A natural join selects rows from input data and reference file that have equal values in columns defined at k= parameter, the reference file is specified at the m= parameter, fields in the reference file specified at f= parameter is added through natural join. The difference with mjoin command is that key field(s) in the reference field is not unique.
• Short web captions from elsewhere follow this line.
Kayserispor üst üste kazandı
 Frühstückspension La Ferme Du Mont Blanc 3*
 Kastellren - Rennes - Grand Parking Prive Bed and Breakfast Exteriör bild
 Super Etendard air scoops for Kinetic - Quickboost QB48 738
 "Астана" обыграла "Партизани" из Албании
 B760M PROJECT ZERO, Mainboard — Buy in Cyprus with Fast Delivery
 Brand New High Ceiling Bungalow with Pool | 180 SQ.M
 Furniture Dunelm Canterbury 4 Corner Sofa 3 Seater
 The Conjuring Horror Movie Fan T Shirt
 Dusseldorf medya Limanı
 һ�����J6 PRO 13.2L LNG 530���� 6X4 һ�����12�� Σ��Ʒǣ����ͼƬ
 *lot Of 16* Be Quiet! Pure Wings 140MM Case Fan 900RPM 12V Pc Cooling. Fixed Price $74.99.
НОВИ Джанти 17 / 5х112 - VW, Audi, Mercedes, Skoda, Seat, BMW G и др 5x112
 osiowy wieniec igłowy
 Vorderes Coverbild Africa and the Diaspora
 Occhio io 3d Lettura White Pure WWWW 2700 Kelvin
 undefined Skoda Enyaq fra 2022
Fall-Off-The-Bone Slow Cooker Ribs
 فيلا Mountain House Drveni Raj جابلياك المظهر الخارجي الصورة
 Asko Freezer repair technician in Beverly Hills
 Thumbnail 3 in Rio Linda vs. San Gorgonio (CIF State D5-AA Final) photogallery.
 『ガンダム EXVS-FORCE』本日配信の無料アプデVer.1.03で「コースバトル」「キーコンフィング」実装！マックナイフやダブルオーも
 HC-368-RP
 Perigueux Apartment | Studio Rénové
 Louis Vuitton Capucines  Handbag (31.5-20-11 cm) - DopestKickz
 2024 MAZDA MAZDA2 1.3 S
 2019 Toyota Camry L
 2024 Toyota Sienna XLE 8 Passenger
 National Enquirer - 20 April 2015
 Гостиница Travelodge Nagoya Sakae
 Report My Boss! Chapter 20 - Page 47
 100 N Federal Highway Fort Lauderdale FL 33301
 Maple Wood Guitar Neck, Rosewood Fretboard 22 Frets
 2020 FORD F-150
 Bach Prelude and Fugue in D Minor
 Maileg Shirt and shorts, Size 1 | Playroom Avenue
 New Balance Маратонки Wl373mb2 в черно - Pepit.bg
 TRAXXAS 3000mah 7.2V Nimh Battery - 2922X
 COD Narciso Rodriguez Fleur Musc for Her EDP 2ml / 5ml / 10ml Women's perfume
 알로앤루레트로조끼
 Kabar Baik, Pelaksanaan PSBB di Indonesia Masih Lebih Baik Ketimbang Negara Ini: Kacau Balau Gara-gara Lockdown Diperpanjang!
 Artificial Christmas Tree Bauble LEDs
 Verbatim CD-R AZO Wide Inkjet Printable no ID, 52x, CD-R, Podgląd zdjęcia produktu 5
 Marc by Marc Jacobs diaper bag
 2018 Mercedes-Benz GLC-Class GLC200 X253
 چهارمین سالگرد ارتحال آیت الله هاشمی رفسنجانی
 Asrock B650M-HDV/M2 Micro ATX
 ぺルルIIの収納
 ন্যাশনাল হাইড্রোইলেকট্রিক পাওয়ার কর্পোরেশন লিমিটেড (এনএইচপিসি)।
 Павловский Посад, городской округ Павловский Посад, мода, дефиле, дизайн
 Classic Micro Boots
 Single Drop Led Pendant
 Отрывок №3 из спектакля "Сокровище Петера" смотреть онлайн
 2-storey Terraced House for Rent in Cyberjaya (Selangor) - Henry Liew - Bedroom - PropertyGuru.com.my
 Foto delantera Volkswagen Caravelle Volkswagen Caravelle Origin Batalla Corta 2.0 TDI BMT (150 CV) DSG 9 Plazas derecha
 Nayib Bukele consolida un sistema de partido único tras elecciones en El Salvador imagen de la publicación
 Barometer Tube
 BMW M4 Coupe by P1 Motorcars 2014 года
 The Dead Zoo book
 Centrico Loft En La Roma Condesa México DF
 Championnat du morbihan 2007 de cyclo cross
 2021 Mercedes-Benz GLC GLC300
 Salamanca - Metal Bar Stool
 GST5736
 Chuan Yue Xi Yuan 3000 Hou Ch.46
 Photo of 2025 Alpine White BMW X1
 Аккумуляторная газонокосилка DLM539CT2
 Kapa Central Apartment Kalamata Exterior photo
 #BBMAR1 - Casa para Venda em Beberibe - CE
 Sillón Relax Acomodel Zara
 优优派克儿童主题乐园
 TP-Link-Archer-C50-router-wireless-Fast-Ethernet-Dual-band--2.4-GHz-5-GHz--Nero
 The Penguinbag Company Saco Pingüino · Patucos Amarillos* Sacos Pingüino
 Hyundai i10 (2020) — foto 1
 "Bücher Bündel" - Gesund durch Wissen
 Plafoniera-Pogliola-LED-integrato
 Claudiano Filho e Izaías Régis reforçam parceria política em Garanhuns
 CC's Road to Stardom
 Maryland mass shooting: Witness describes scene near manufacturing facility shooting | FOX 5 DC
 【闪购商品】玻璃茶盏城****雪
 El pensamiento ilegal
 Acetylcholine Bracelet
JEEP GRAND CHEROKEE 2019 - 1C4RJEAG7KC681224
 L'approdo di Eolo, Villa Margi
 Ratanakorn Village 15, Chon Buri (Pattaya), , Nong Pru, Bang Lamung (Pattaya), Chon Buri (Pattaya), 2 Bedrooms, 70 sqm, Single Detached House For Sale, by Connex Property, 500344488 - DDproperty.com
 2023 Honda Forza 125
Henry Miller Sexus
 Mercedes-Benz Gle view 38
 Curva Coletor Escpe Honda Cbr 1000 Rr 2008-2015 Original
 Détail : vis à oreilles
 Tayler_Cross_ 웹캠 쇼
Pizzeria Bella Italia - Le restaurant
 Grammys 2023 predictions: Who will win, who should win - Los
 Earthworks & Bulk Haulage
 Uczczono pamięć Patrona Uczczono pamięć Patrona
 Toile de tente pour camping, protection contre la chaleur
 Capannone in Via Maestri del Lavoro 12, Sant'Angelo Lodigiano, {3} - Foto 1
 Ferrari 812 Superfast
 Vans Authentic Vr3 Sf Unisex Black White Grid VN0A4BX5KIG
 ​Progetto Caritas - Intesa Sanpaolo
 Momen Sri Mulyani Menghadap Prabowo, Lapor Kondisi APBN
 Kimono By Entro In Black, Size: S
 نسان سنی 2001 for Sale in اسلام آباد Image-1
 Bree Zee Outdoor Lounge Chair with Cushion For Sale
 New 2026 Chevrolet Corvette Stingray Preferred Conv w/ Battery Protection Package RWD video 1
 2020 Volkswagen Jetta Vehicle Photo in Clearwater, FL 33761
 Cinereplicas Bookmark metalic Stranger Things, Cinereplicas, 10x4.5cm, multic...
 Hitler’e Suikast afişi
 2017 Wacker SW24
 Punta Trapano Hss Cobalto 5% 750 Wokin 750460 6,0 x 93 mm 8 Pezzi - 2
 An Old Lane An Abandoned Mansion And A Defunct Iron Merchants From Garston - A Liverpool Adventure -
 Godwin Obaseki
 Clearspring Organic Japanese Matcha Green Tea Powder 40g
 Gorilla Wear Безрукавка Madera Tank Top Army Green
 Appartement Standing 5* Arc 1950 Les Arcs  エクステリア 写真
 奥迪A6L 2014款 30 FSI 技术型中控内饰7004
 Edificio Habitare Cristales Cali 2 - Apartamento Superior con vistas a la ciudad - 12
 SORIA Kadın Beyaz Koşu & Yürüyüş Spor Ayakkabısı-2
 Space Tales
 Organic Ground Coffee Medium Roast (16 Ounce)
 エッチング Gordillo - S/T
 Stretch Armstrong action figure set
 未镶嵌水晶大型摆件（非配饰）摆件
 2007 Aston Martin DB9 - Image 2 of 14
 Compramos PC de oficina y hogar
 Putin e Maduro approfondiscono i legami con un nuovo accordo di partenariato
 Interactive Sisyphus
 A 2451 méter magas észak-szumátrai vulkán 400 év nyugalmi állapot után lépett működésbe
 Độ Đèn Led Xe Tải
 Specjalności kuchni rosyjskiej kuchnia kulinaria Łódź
Given that the input data has $n$ records with a certain key value, and the reference file has $m$ records with the same key value, $n\times m$ records will be generated. In addition, if f= is not defined, all fields except the key field will be added.

Format

mnjoin k= [f=] [K=] [-n] [-N] m=| i= [o=] [bufcount=] [-nfn] [-nfno] [-x] [-q] [--help] [--version]

Parameters

k=

key field name(s) from the input data for matching

 

This key field is specified in the input data and at the K= parameter.

 

Join rows when this fields matches with the fields from the reference data.

f=

Specify the field name(s) to join from the reference file.

 

When this parameter is not defined, all fields except the key field will be joined.

m=

Reference file name.

 

Read from standard input if this parameter is not set. (when i= is specified)

K=

Key field name(s) from the reference data for matching

 

This key field(s) from reference data is compared with the key field(s) from input data specified at k= parameter,

 

fields where records with common key are joined.

 

This parameter is not required if the field name in reference file is the same as the one defined at the k=parameter.

-n

Output NULL values when reference data does not consist of input data.

-N

Output NULL values when input data does not consist of reference data.

Examples

Example 1: Basic Example

The item field in the input file is compared with the item field from the reference file, add cost field for records with the same value. There are two records where item=A in both input file and reference file, therefore, 2$\times $2=4 rows of item=A is written to the output file.

$ more dat1.csv
item,date,price
A,20081201,100
A,20081213,98
B,20081002,400
B,20081209,450
C,20081201,100
$ more ref1.csv
item,cost
A,50
A,70
B,300
E,200
$ mnjoin k=item f=cost m=ref1.csv i=dat1.csv o=rsl1.csv
#END# kgnjoin f=cost i=dat1.csv k=item m=ref1.csv o=rsl1.csv
$ more rsl1.csv
item%0,date,price,cost
A,20081201,100,50
A,20081201,100,70
A,20081213,98,50
A,20081213,98,70
B,20081002,400,300
B,20081209,450,300

Example 2: Ouput unmatched data

Use -n to print records in the input data that do not match with those in the reference file (row where item="C"), and use -N to print records in the reference file that do not match with those in the input file (row where item="E").

$ more ref2.csv
item,cost
A,50
B,300
E,200
$ mnjoin k=item f=cost m=ref2.csv -n -N i=dat1.csv o=rsl2.csv
#END# kgnjoin -N -n f=cost i=dat1.csv k=item m=ref2.csv o=rsl2.csv
$ more rsl2.csv
item%0,date,price,cost
A,20081201,100,50
A,20081213,98,50
B,20081002,400,300
B,20081209,450,300
C,20081201,100,
E,,,200

Related Commands

mjoin : It is faster to use mjoin if the key in the reference file is unique.

mproduct : Join combination of all records without using key. Each row in the reference file is joined with all records in the input data.